この春日神社は通称「春日さま」とも呼ばれて親しまれ、御祭神は天児屋根命(あめのこやねのみこと)であり、その創建は古く康和元年(1099年)にさかのぼる。
この春日神社には不思議な言い伝えが残されており、それによれば京の貴族であった藤原成実が仁和寺に参詣したおり、突如としてみすぼらしい姿の老人が寄ってきて、わざと履いていた草履を脱ぎ、成実の前に落として見せたのである。
最初は不審に思った成実であったが、草履を拾って老人のもとへ揃えたところ、老人は微笑みながら小さな木像を差し出し、
「そなたの信仰心と実直な心は見上げたものである。よって、この神像を贈るゆえに大切に護持し祈り続けるが好かろう。さすれば、十年の後には、そなたは大国の長官にまで出世するであろう。ゆめゆめ疑うことなかれ・・・」と言うが早いか、まるで煙のように姿を消してしまったのである。
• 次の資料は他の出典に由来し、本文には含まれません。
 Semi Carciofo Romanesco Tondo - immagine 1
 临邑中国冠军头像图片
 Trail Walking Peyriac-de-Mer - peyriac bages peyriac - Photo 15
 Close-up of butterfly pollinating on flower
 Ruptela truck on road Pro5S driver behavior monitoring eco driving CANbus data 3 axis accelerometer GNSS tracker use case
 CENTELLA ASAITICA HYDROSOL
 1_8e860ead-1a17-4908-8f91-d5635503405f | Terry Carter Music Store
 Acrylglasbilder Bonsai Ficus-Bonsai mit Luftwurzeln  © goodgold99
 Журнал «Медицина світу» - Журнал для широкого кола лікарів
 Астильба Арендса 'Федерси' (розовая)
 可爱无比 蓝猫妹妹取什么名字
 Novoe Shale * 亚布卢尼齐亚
その神像は、紫の冠をかぶり、小さな剣を脇に挿した人形であった。
最初は疑いの心であった成実であったが、もしかするとこれは藤原氏の祖先の霊である春日大明神の御神体ではないかと察するに至り、何よりも大切に扱い、日夜の祈りと供物を欠かせなかったという事である。
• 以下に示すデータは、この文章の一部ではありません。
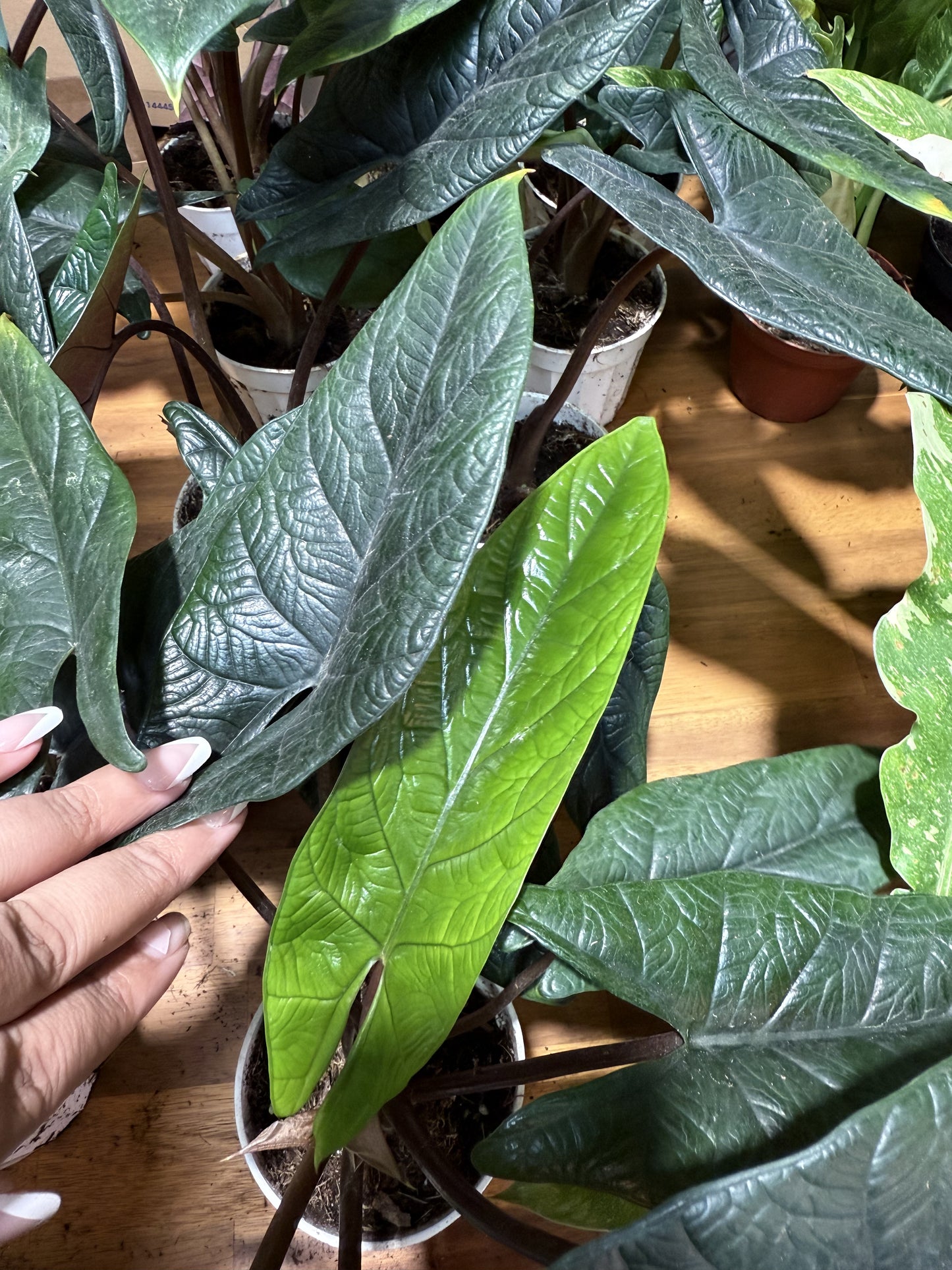 Alocasia 'Scalptum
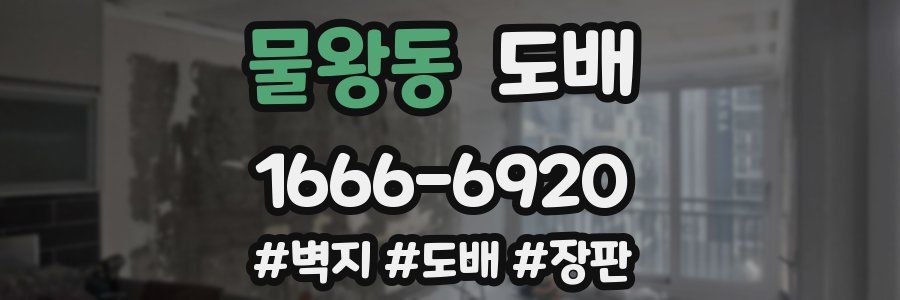 물왕동 도배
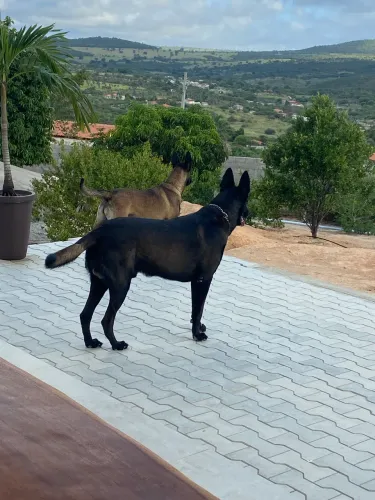 Filhotes de pastor belga malinoar com pedigree 
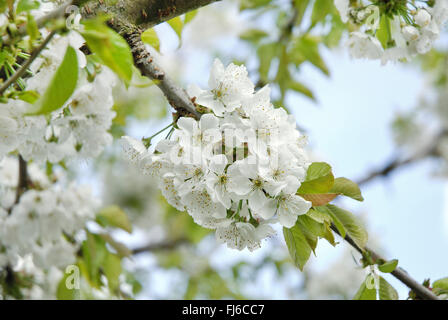 Cherry Tree, Sweet cherry (Prunus avium 'Hedelfinger Riesenkirsche', Prunus avium Hedelfinger Riesenkirsche), succursale de blooming Hedelfinger Riesenkirsche cultivar, Allemagne Banque D'Images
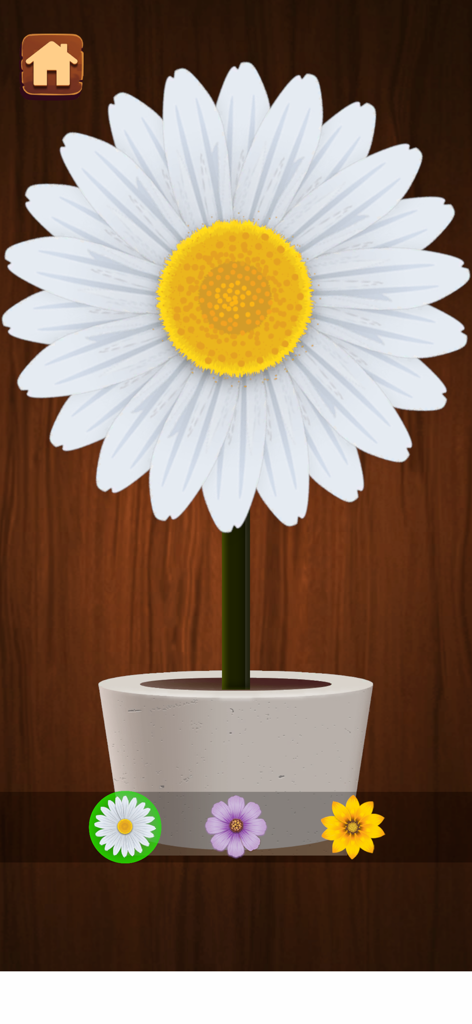 Relaxing Antistress popit Game - Una margarita blanca en una maceta contra un fondo de madera oscura en un juego móvil relajante antistrés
その後、予言通りに武蔵の国の国守となった成実は、諸国を巡察する途上で、ここ日野の里にたどり着き、不思議な噂話を耳にしたのである。
なんでも、見たこともない不思議な僧が突如として現れ、地面を杖で突いたところこんこんと水が湧き出すようになり、しかもその水を飲むとどんな病でもたちまち治してしまうのだという。
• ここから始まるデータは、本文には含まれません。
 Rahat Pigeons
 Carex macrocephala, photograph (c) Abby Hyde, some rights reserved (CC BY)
その僧は自らの信仰する仁和寺の僧であったことから、この霊水の地は春日大明神を祀る場所にふさわしいと考えた成実は、さっそくこの僧を呼び寄せて神社と真如坊(現在の徳恩寺)を造営し、この神像を納めたのである。
当初は穂井神社と称していたものが、やがて神像にあやかって春日神社と名を変え、幾たびかの戦火に焼かれながらも神像は大切に護持され続け、ことに江戸時代に建てられたという現在の拝殿と本殿の彫刻の素晴らしさには目を見張るものがある。
現在の社殿は権現造といって、名主の高梨政栄が嘉永7年(1854年)に建立したものである。
これらの見事な彫刻は安房国千倉郷の代表的な彫刻師であった後藤利兵衛義光の作で、り、西叶神社の彫刻も彼の手によるものである。
いま、横浜市の指定天然記念物にも指定された社叢林を歩きながら、この春日神社の歩んできた悠久の歴史を思い起こすとき、錫杖で突いて水を沸かせた不思議な言い伝えと、今に続く市井の人々の信仰心が不思議と重なり合うようで、ここにも歴史と民話の奥深さをしみじみと感じ取るのである。